Ma l’approvazione del pacchetto di aiuti per un totale di 95,6 miliardi di dollari, che adesso il Senato entro martedì ratificherà nuovamente per poi mandarlo sulla scrivania di Biden per la firma immediata, è stata non solo una improvvisa “conversione” ma un gesto da statista acuto, che potrebbe cambiare l’intero scenario del Congresso americano e gli equilibri politici all’interno del partito repubblicano. Con quel voto, consapevole o meno, Johnson ha dimostrato che “il re è nudo…”.
Trump potrebbe essere bypassato altre volte in aula prima delle prossime elezioni presidenziali di novembre in nome del compromesso. Addirittura Camera e Senato potrebbero votare anche sui migranti e la sicurezza ai confini, dove già esiste un’intesa nella seconda assemblea, che però Trump ha fatto congelare o sopprimere per non dare vantaggi a Biden. Johnson rischia anche il posto e molti repubblicani vorrebbero cacciarlo. Si salverebbe e potrebbe rimanere presidente della Camera fino a dicembre (anche lui è sottoposto a una riconferma elettorale) solo con l’appoggio dei democratici che sono disposti a farlo se continuerà a usare l’arma del compromesso e non dello scontro.
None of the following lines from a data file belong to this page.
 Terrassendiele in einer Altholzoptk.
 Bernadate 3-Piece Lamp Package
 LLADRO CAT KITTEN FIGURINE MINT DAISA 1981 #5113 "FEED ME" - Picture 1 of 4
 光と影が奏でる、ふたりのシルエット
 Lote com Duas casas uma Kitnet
Con quel gesto, anche se si tratta di una scelta di politica estera, Johnson ha dimostrato che l’America può funzionare senza i dictat di Trump e senza i suoi veti ricevendo un plauso internazionale. Anzi funziona meglio e il Paese può tornare a esprimere, pur nelle differenze, un senso di unità che sembrava perduto per sempre. E di questa svolta si stanno accorgendo anche molti deputati repubblicani impauriti e terrorizzati dal pugno rigido che Trump sta imponendo al partito nella sua posizione di candidato predestinato a vincere la nomination dell’elefante a luglio.
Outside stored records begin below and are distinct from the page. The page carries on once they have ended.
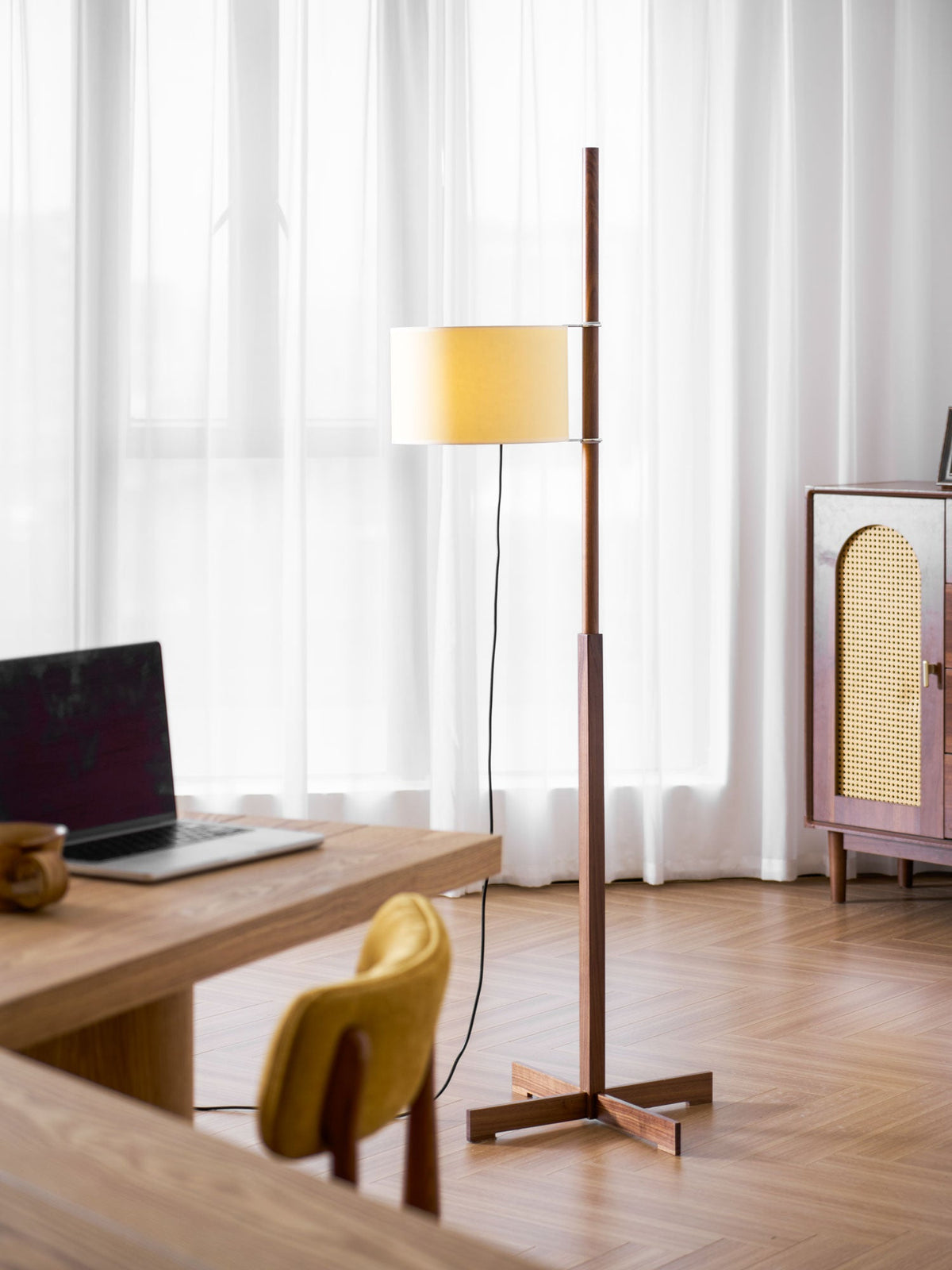 wood-tmm-floor-lamp
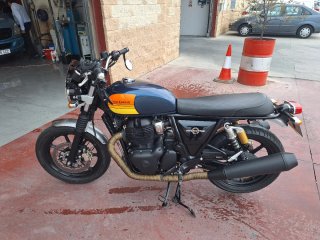Royal Enfield Interceptor 650 Naranja/Plata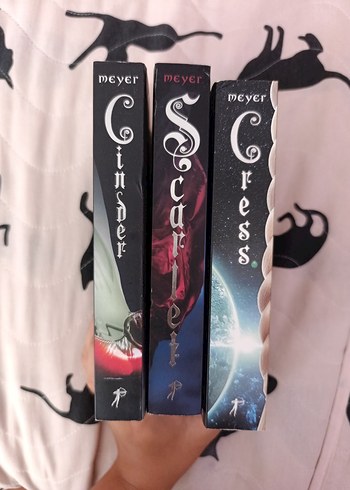  Ay Günlükleri Serisinin İlk 3 Kitabı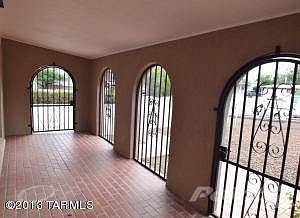 Front porch patio overview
Un altro segnale nuovo, un indicatore di molte cose che potrebbero cambiare o iniziare a modificarsi presto alla corte del sultano Donald, è il flop delle azioni nella sua società di media, crollate a picco in pochi giorni dopo essere stata quotata in borsa. Un secondo l’apparente rifiuto, dei candidati repubblicani alle prossime elezioni, a versare il 5% dei propri fondi elettorali a Trump nel caso pensassero di usare la sua immagine e il suo nome come sponsor o traino.
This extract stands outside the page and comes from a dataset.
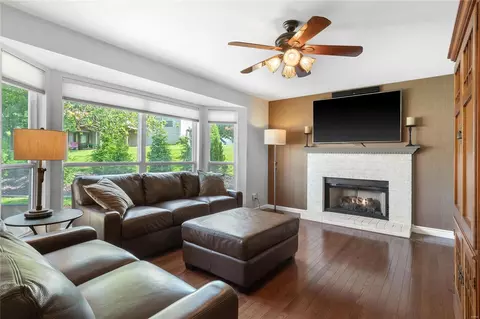 Living - 16711 Babler View Dr, Wildwood, MO 63011 photo 2 of 7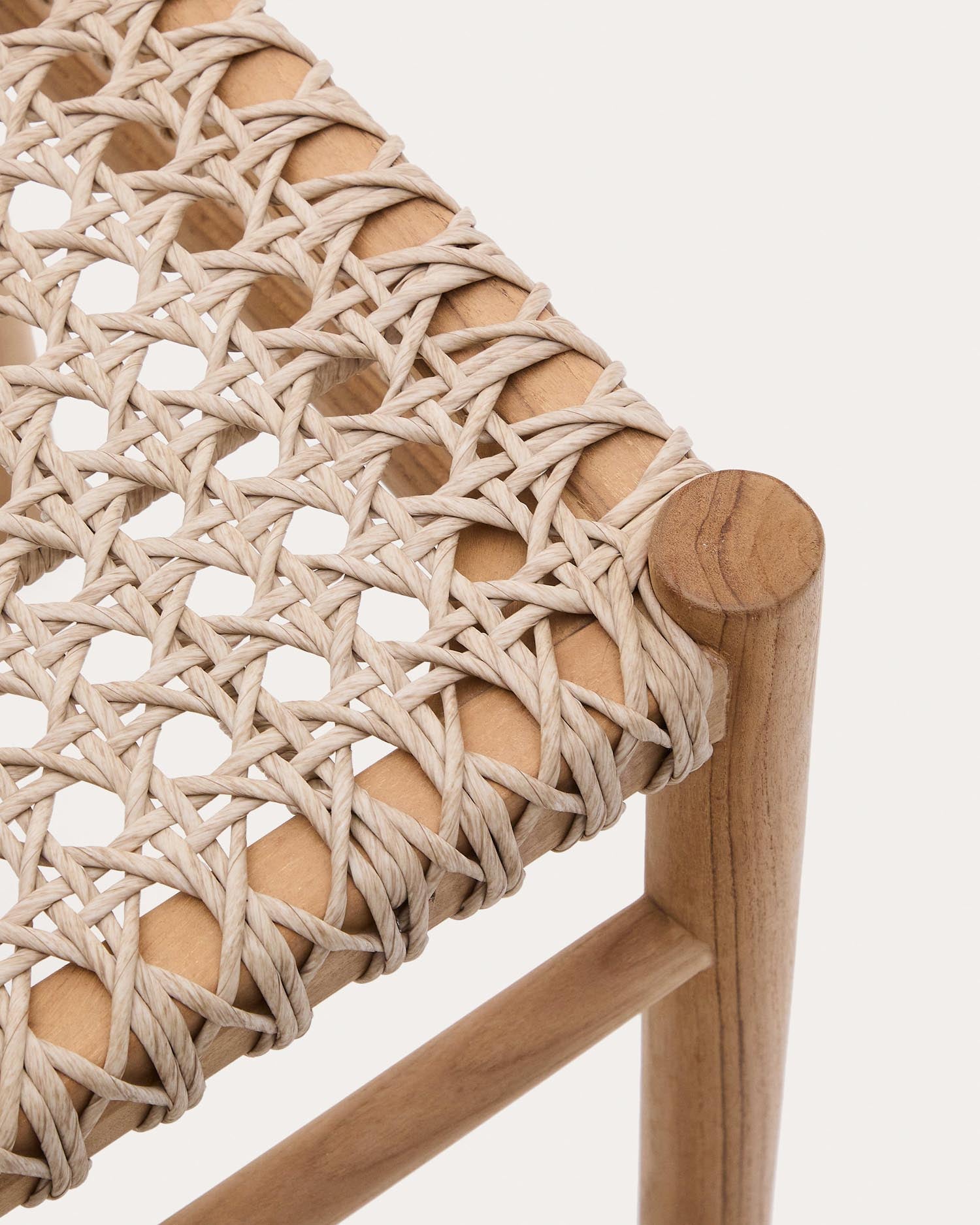 Der Tavira Outdoor-Stuhl aus Teakholz von Kave Home bietet stilvolles Design, Langlebigkeit und Komfort für Ihren Außenbereich.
Tra poche ore l’ex presidente dovrà affrontare l’inizio del dibattimento nel primo processo criminale che si tiene a Manhattan. Seguiranno a raffica gli altri in Georgia, Florida e Washington DC e ci sarà anche in settimana il pronunciamento della Corte Suprema sulla sua immunità presidenziale
Trump rimarrà bloccato 5 giorni a settimana nelle aule dei tribunali e Biden sarà libero di fare campagna elettorale nel resto dell’America. In una situazione così fluida e incerta anche i sondaggi e le opinioni potrebbero modificarsi in fretta. E se i MAGA gli rimarranno vicino a ogni costo, il loro voto da solo non basta a riportarlo alla Casa Bianca. Ancor meno a condizionare quello delle giurie popolari chiamate a valutarlo per i 94 reati di cui è accusato, dalla frode amministrativa e fiscale alla falsificazione del voto elettorale, fino all’incitamento che ha portato all’assalto del Congresso il 6 gennaio 2021. Tutti fantasmi che potrebbero tornare in aula o nelle schede elettorali il 5 novembre.